At 4 am Ned had consumed twelve cookies, eighteen goldfishes, a stacks of chocolate chips and had bathed in brown sugar. He lay on his back, his wee legs dangling in the air like wind-blown lawn ornaments. "Ned?" A sultry female voice came from behind him. After a few attempts to roll his bloated body over, Ned faced this staggering creature before him. Moonlight bounced off the scales on her back, and her antennae were silken and gold. "I...uh...yes?" He stammered, like the idiot that he likely was, because after all, he's a Silverfish. And that's disgusting.
"Hi, I'm Starla. I just wanted to thank you for bringing my family and me here. We were getting hungry, and I've really enjoyed gnawing through the television wires."

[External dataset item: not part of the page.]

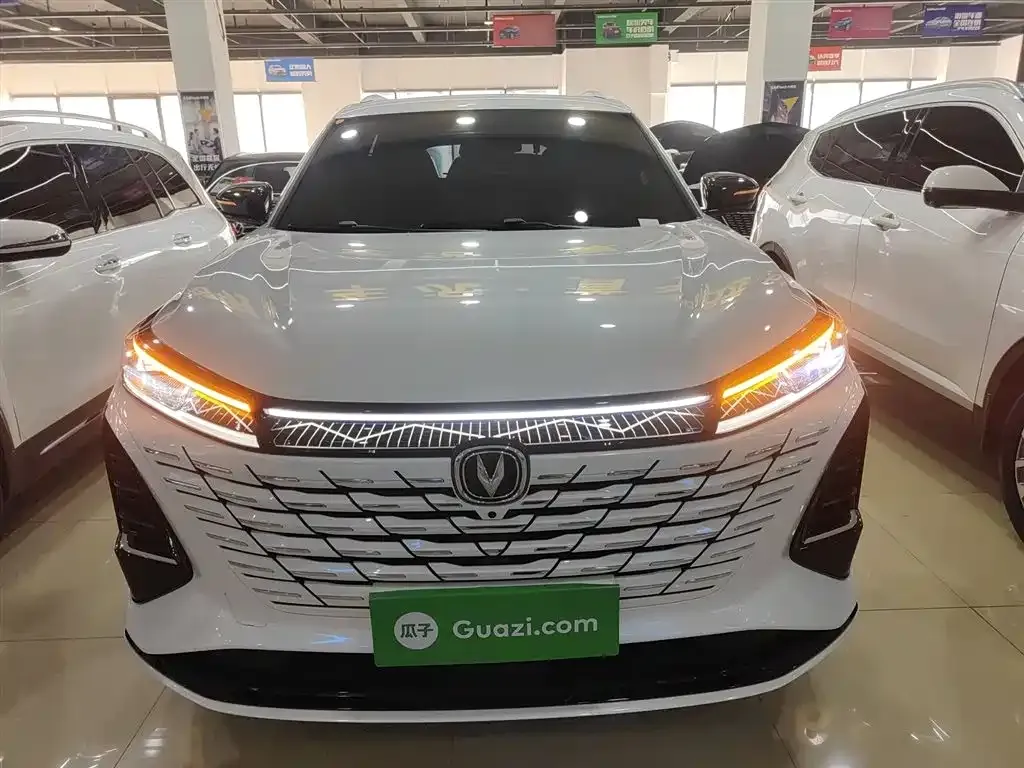 Changan CS75PLUS — фото 3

"Of course, I... I'm glad you like it here." Ned gathered his courage. "You know, Starla, you and I could stay here forever."
"Oh, Ned, I'll love it!"
And then they did something sort of bizarre, but as to give you the full picture of a Silverfish's life, I as the narrator, feel compelled to recount. For the next half hour they completed the mating ritual. They moved through three phases. Ned and Starla stood "face to face, their trembling antennae touching, then repeatedly backed off and returned to this position." When they felt satisfied with this, Ned ran away from Starla, as is usual in the second phase of reproduction. She chased him through the ever-growing crowd of Silverfish. He leapt over his brothers and sisters, dove under the Twizzler at the center of the limbo-party, and narrowly escaped being doused by a powdered-sugar waterfall. Through all of this, Starla chased him- she was in love. When she finally caught him, Ned knew that she was faithful. They "stood side by side, head-to-tail. Ned vibrated his tail against [Starla's]. Finally, [Ned] laid a spermatophore, a sperm capsule covered in gossamer, which the [Starla] took into her body via her ovipositor to fertilise the eggs."
It was so shockingly beautiful that the whole Silverfish community applauded. But suddenly-they froze in silence. Thuds could be heard from the stairwell. Staggered, sleepy, thuds.
"Emily... are you down here? What are you doing?" came a tired and irritated voice.
Bazillions of Silverfish scattered into the depths of 79B Chase St. Karlie stepped into the kitchen, and seeing that nothing but shreds of... everything, lay on the floor, she simply fainted.
From their various nooks, the Silverfish exchanged high fives and pats on the back.
They had successfully pillaged the house. And they all agreed that it would make a very, very nice place to live. Forever. And ever. Like, they will never leave this house.
The End.
Mating ritual taken from Wikipedia. So, you know, take that with a grain of salt.